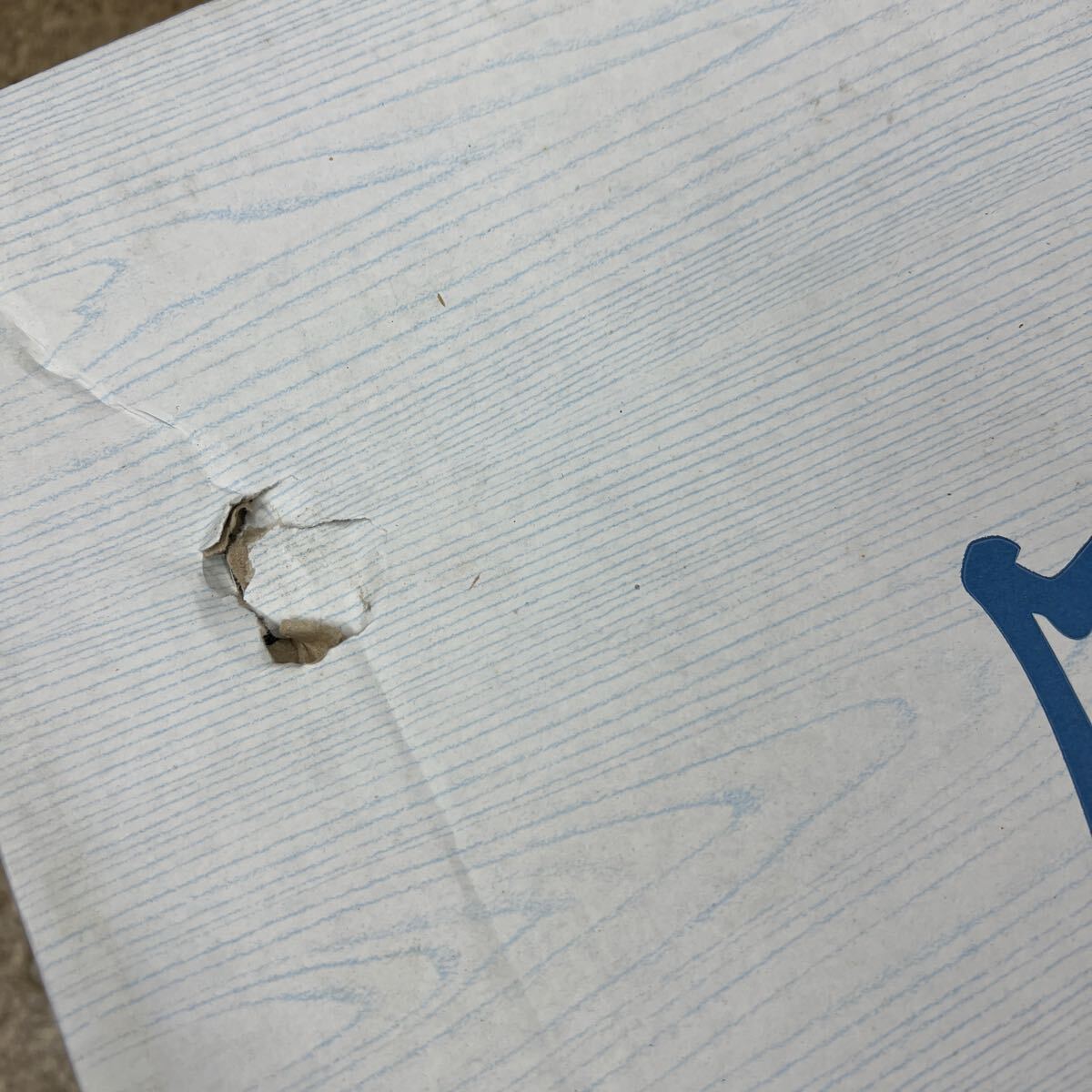 【ヤ160】 常花 花立 御盆用 提灯 京蓮華 水葉蓮 仏具 お盆用 仏具用品 お盆 初盆 コード式 行灯 あんどん 中古品_画像8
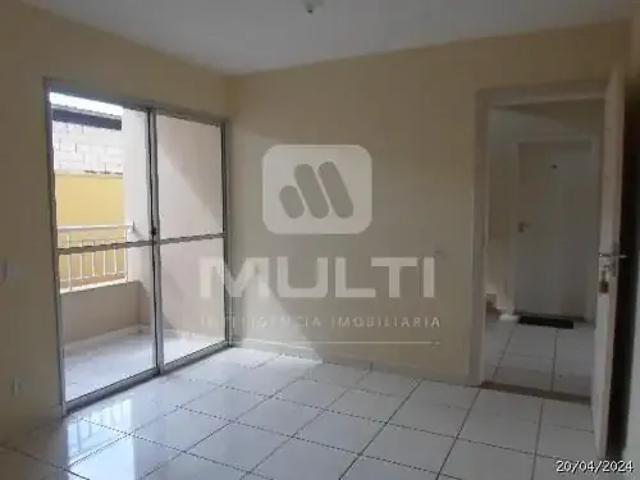 Apartamento venda em Região Geográfica Imediata de Uberlândia, Oliveira Fortes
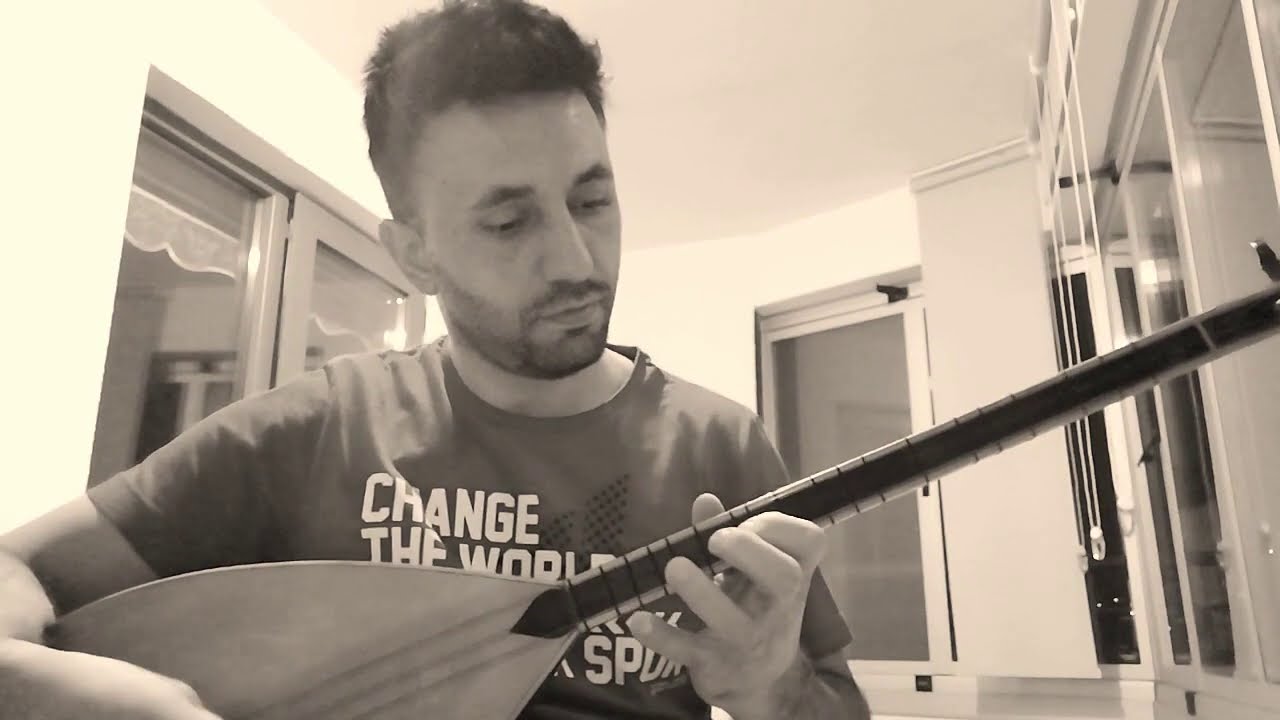 Yaşar MURATVEREN - Ayvaz Güzellemesi (Gel Ayvazım)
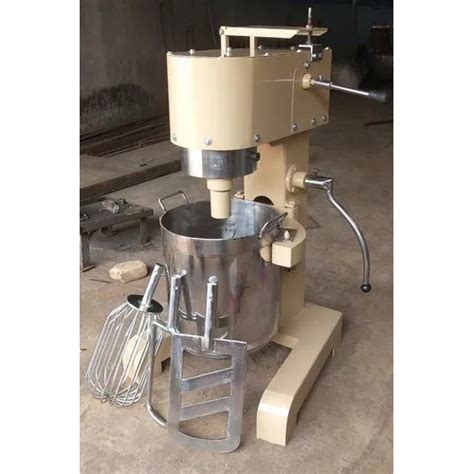 Cake Making Machine at 52500.00 INR in Delhi, Delhi | Duke Enterprises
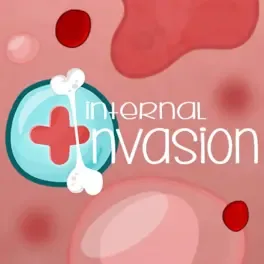 Internal Invasion image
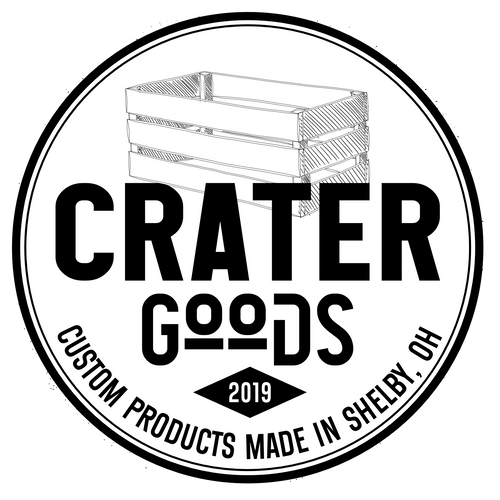 Crater Goods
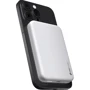 Внешний аккумулятор Umetravel Power Bank 5000mAh M51 Magnetic Wireless 20W White: Количество USB 1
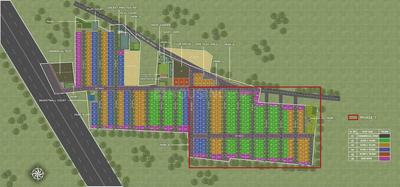 Others image of 1200.0 Sq.ft   Commercial Plot for sale in Doddaballapura for 6300000
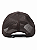 BONE ARIAT MARROM BORDADO DE COURO - Imagem 2
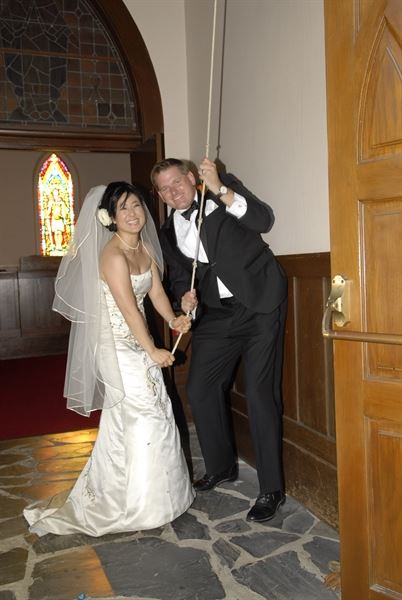 Church of Our Saviour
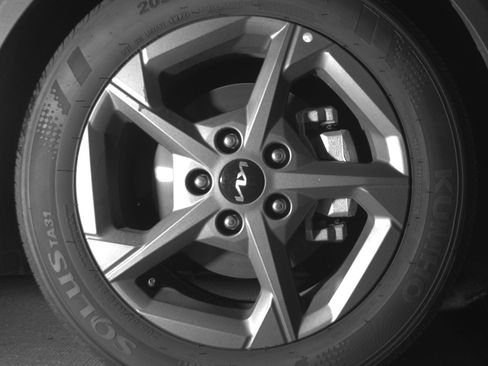 Used 2025 Kia K4 LXS image 13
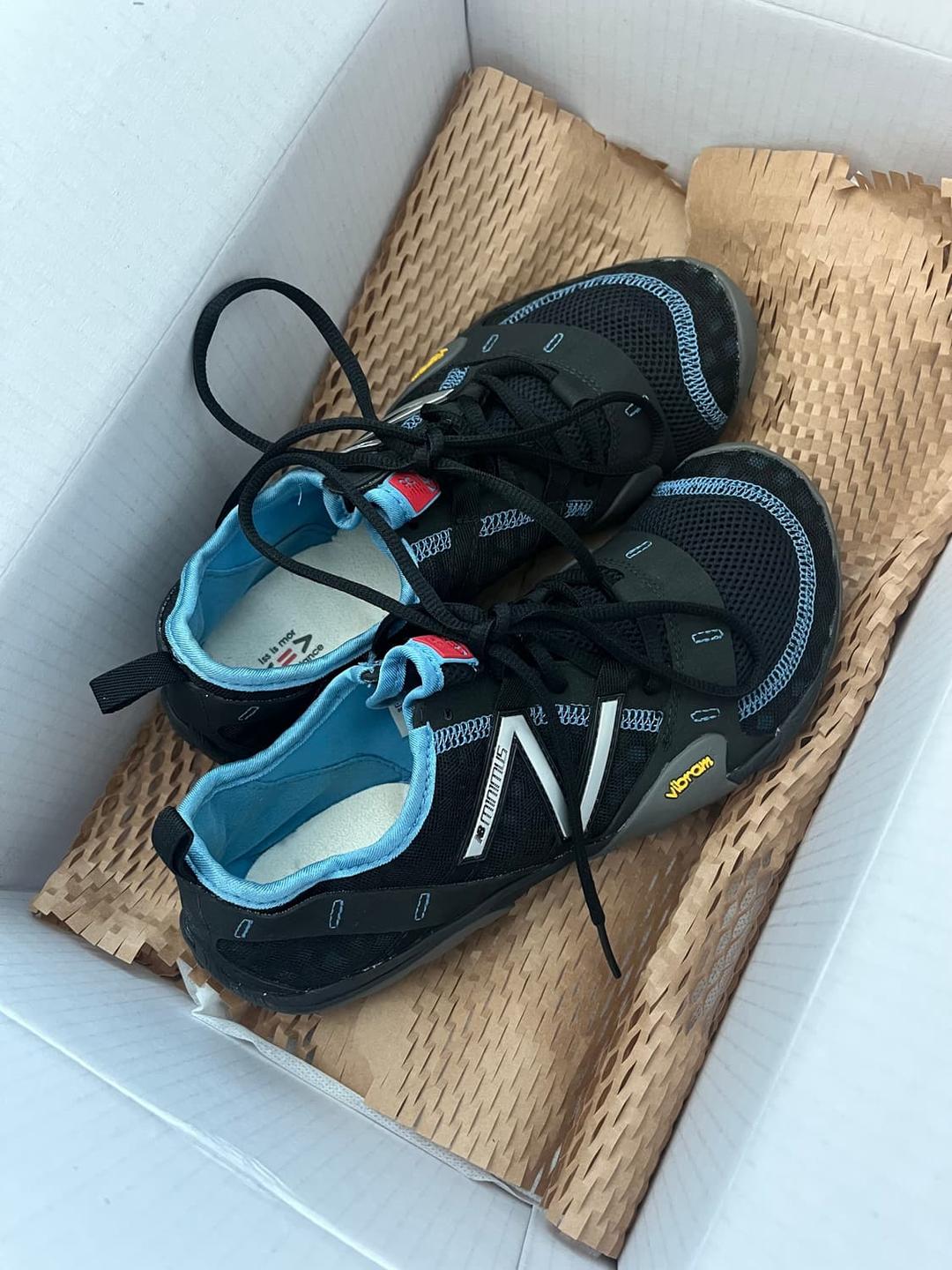New Balance Minimus | 후루츠패밀리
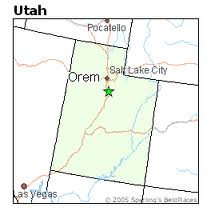 Orem, Utah Considers Banning “Pit Bulls”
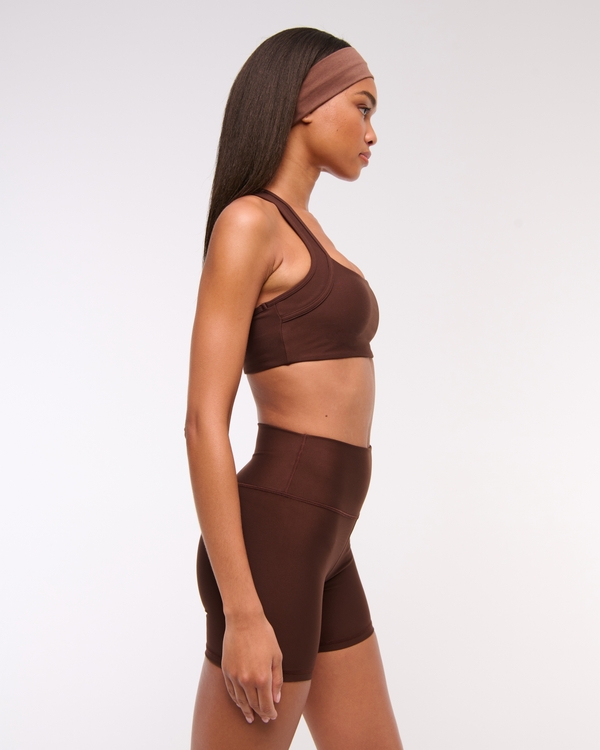 YPB sculptLUX Bike Short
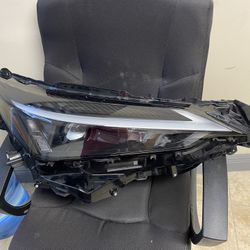 2023 Lexus NC359 Right Headlight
==*==
Starting at the line that holds "Used 2025 Kia K4 LXS image 13", print each line through the last one of the entries above, exactly and with both ends included; no pictures.

▶ _Output of the exercise_:
 Used 2025 Kia K4 LXS image 13
New Balance Minimus | 후루츠패밀리
 Orem, Utah Considers Banning “Pit Bulls”
 YPB sculptLUX Bike Short
 2023 Lexus NC359 Right Headlight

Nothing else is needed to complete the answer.